Los revolucionarios entraron triunfalmente a la plaza a la mañana del día 3. La población les vitoreó. Villa, dejándose llevar por el espíritu de venganza, mandó que sus tropas ocupasen los edificios particulares, los bancos, las residencias privadas de quienes se supuso huertistas. También fueron aprehendidos todos los españoles residentes que eran más de trescientos. Villa les amenazó con pasarlos por las armas, acusándolos de haber favorecido a las fuerzas de Huerta; aunque luego comunicó que perdonaba la vida a los extranjeros, pero que éstos deberían salir del país.

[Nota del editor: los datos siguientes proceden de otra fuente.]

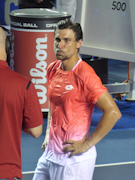 David Ferrer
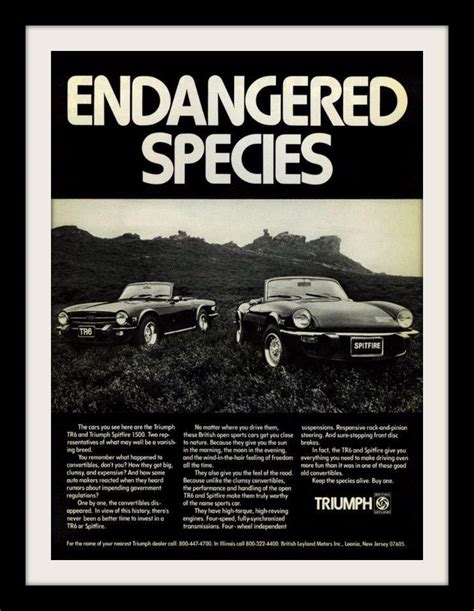 A 1975 Advertisement Featuring The Triumph Tr6 And Spitfire 1500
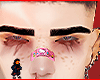 Majors brows
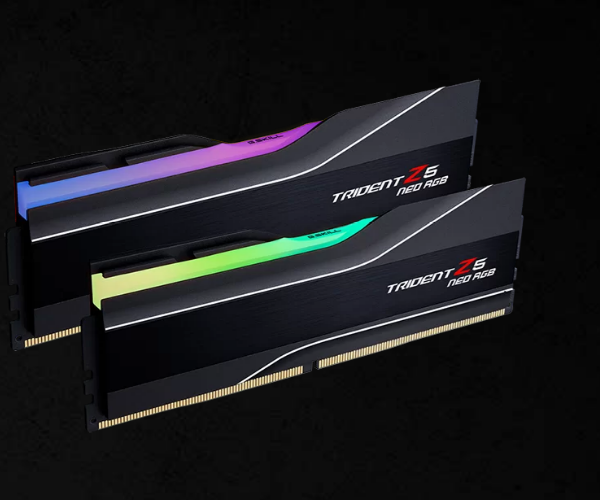G.SKILL F5-6000J2836F48GX2-TZ5NR 96GB (2 x 48GB)/ AMD EXPO/ DDR5 6000 MT/s/Timings 28-36-36-96/Voltage 1.35V/TZ5 Neo RGB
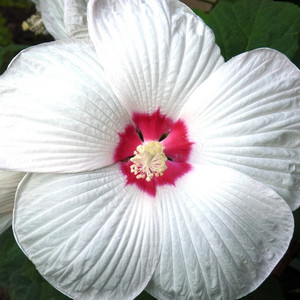 Hibiskus bylinowy (Hibiscus moscheutos) Nippon White sadzonka  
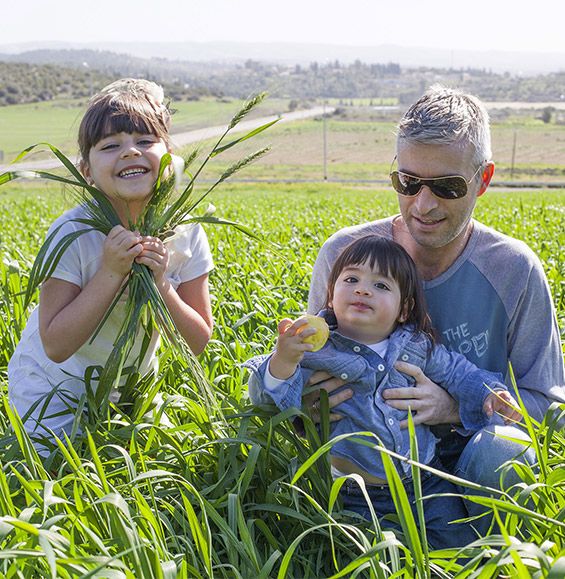 working nine גל בן זאב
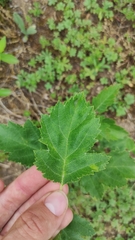 Torminalis glaberrima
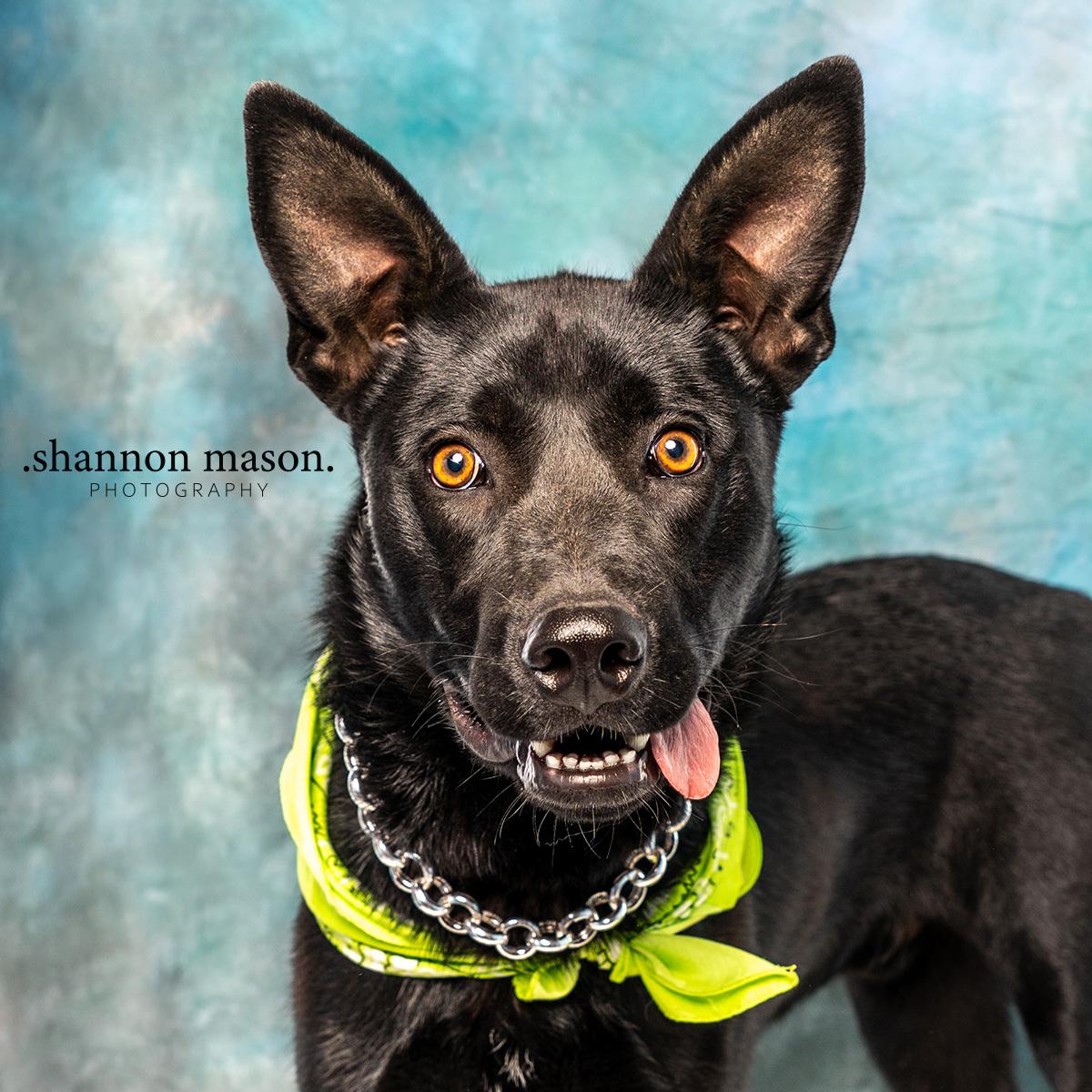 Remi, Young Male unknown
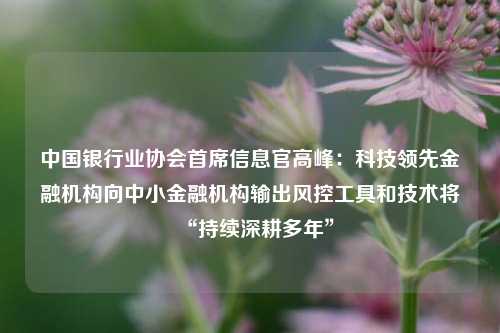 中国银行业协会首席信息官高峰：科技领先金融机构向中小金融机构输出风控工具和技术将“持续深耕多年”-第1张图片-养花知识-花卉种植与养护技巧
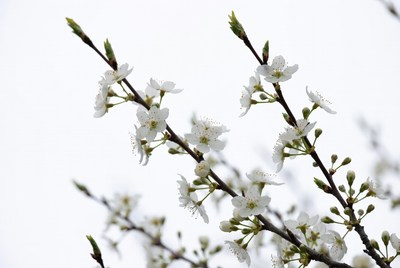 White flowers on a branch in spring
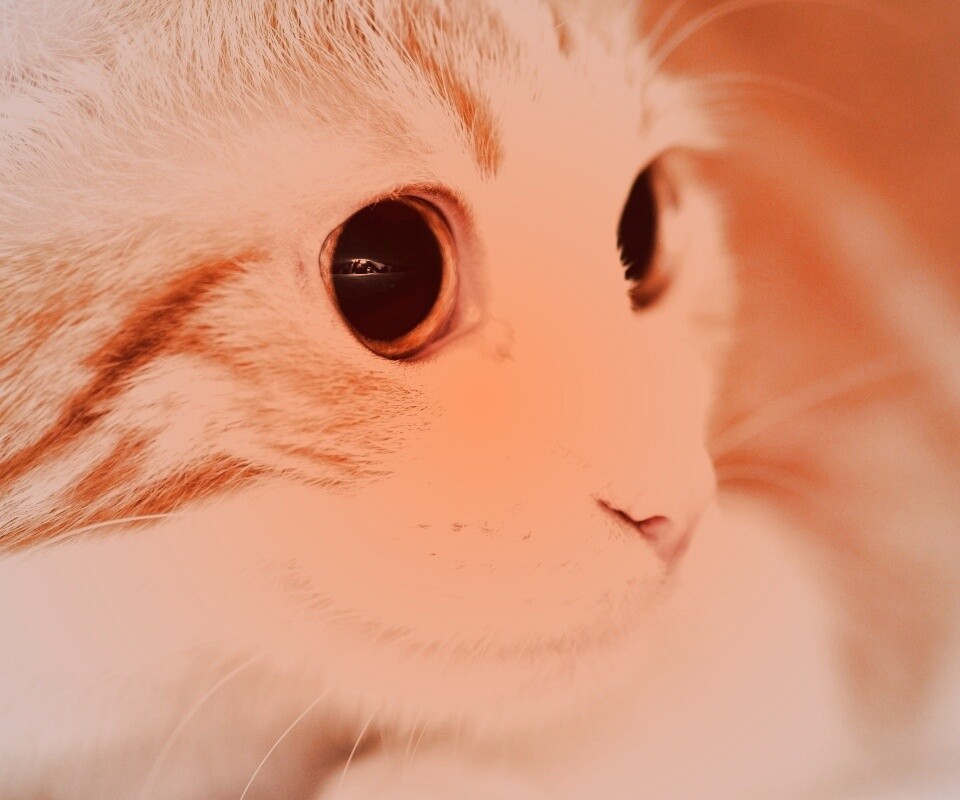 Кот с большими глазами обои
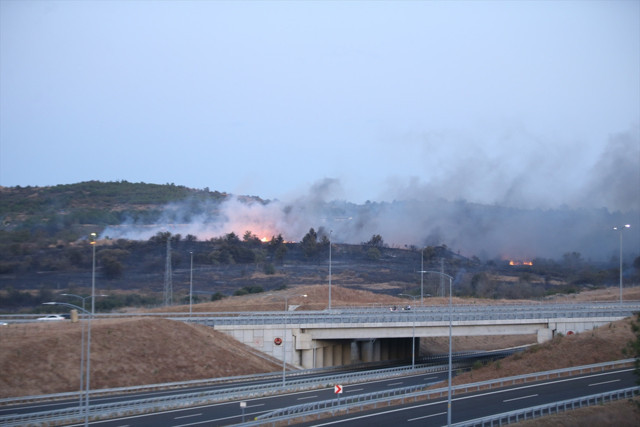 Gelibolu'da orman yangını çıktı! Alevler sıçradı, ekipler bölgede - Resim: 0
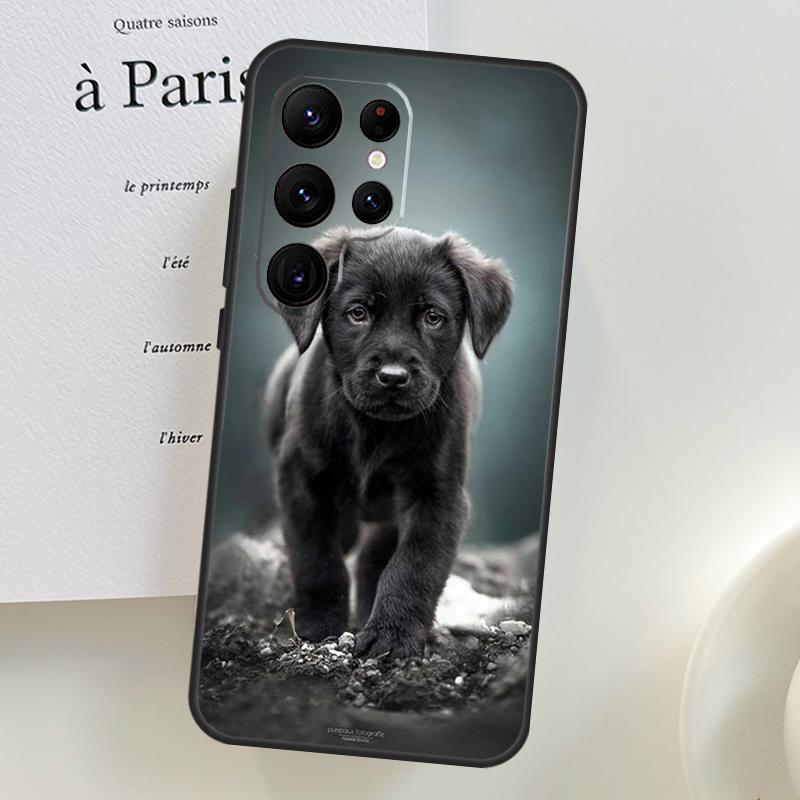 Labrador Puppy Dog Case For Samsung Galaxy S26 Ultra S25 S23 S22 S21 S24 Ultra S10 S20 Plus S25 FE Phone Cover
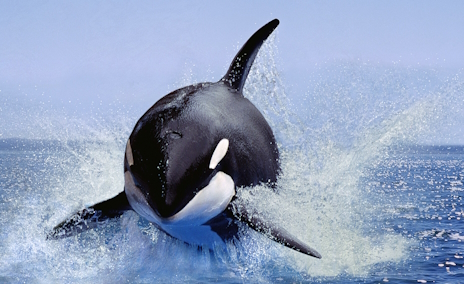 画像ギャラリー No.002のサムネイル画像 / 海のギャングことシャチさんの「Crime Scene Cleaner」レビュー。えーあい!Steam広場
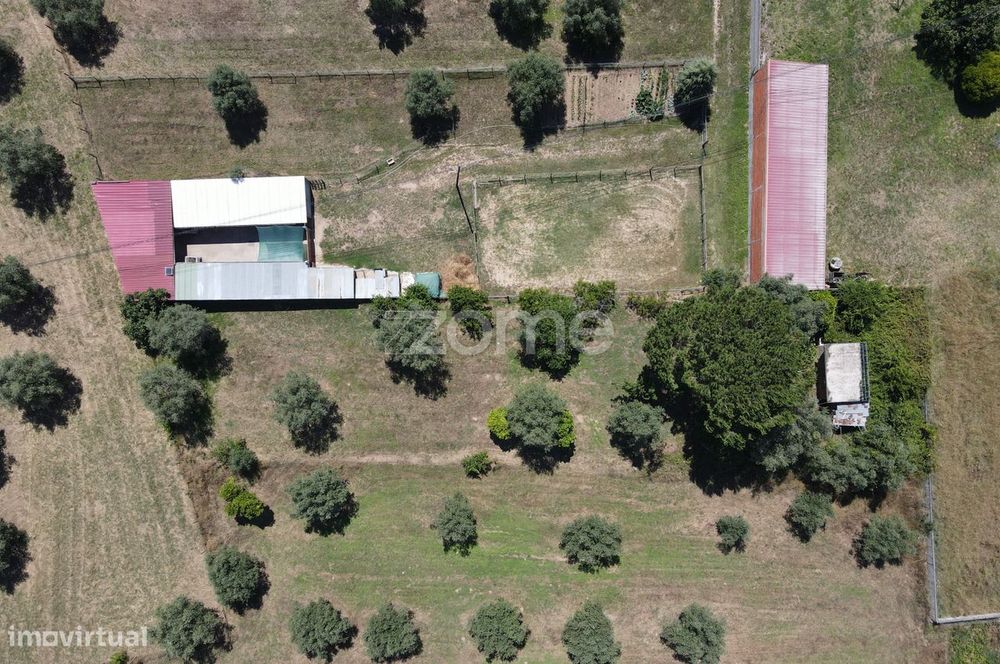 Terreno São Facundo - Coimbra
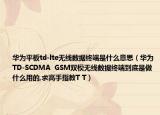 华为平板td-lte无线数据终端是什么意思（华为TD-SCDMA  GSM双模无线数据终端到底是做什么用的,求高手指教T T）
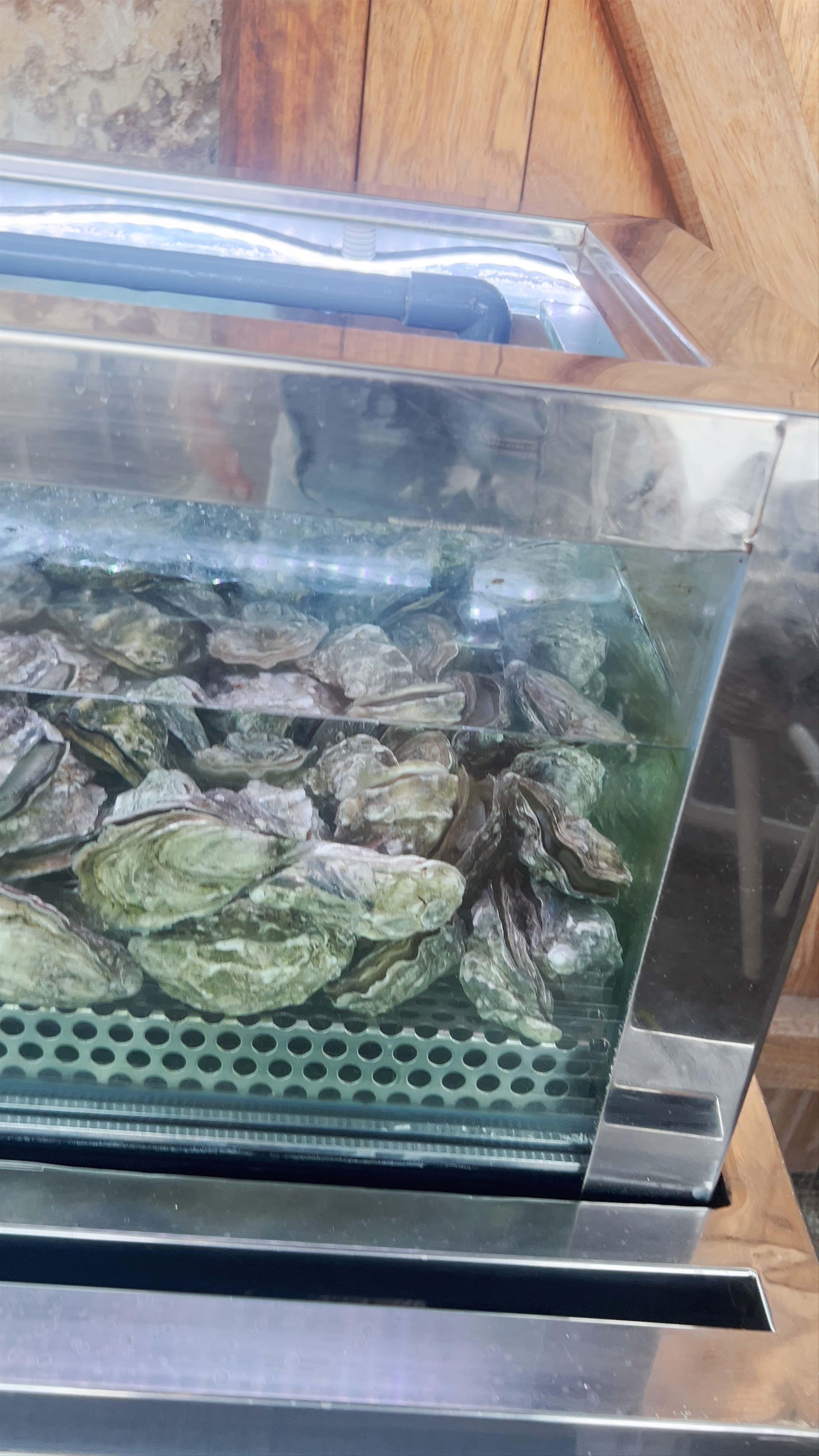 Fresh Seafood Display at Sail At Castle, Paphos Harbour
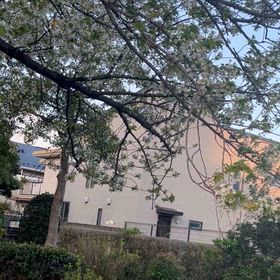 朝のウォーキングの画像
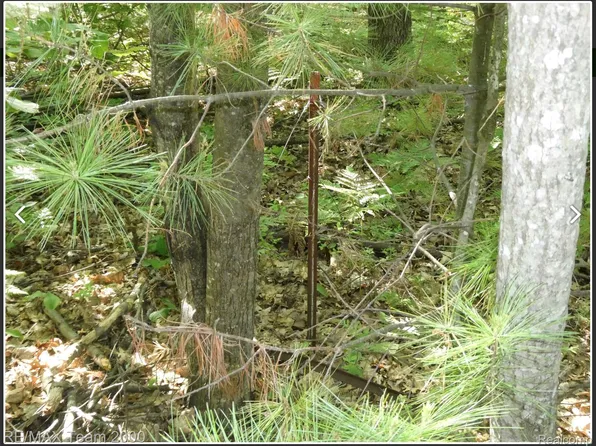 Bunny Run Vacant, Houghton Lake, MI 48629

Mientras tanto, el general Velasco se situó en San Pedro, levantando trincheras, y dispuesto a seguir combatiendo. Mas el hecho era un vano alarde de valentía. Su causa estaba perdida. Sus tropas se hallaban agotadas. Tampoco tenía municiones suficientes para el combate.

Así, ante el avance de tres columnas revolucionarias con nueve mil hombres, Velasco abandonó (13 de abril) sus atrincheramientos y empezó a retroceder. Proyectaba llegar a Saltillo; pero a poco surgieron a su retaguardia las avanzadas destacadas, por el general Pablo González, y Velasco perdió la brújula. Sus soldados le abandonaron. El grito de sálvese el que pueda, quebrantó la moral de la oficialidad huertista. La fuga fue general.

El general Pablo González, quien se hallaba a las puertas de la plaza de Monterrey con seis mil hombres, al tiempo de mandar una columna para atacar la retaguardia de Velasco, ordenó el asalto a la capital de Nuevo León. Los federales no esperaron el asalto. La ciudad fue evacuada (24 de abril) en medio de un gran desorden. Los federales trataron de abrirse paso para unirse al general Velasco, quien con menos de mil soldados había tomado el camino de la ciudad de México.

Debido a estos sucesos, el Constitucionalismo quedó dueño de todo el norte del país. Ahora podía avanzar, sin enemigos a sus espaldas, hacia la capital.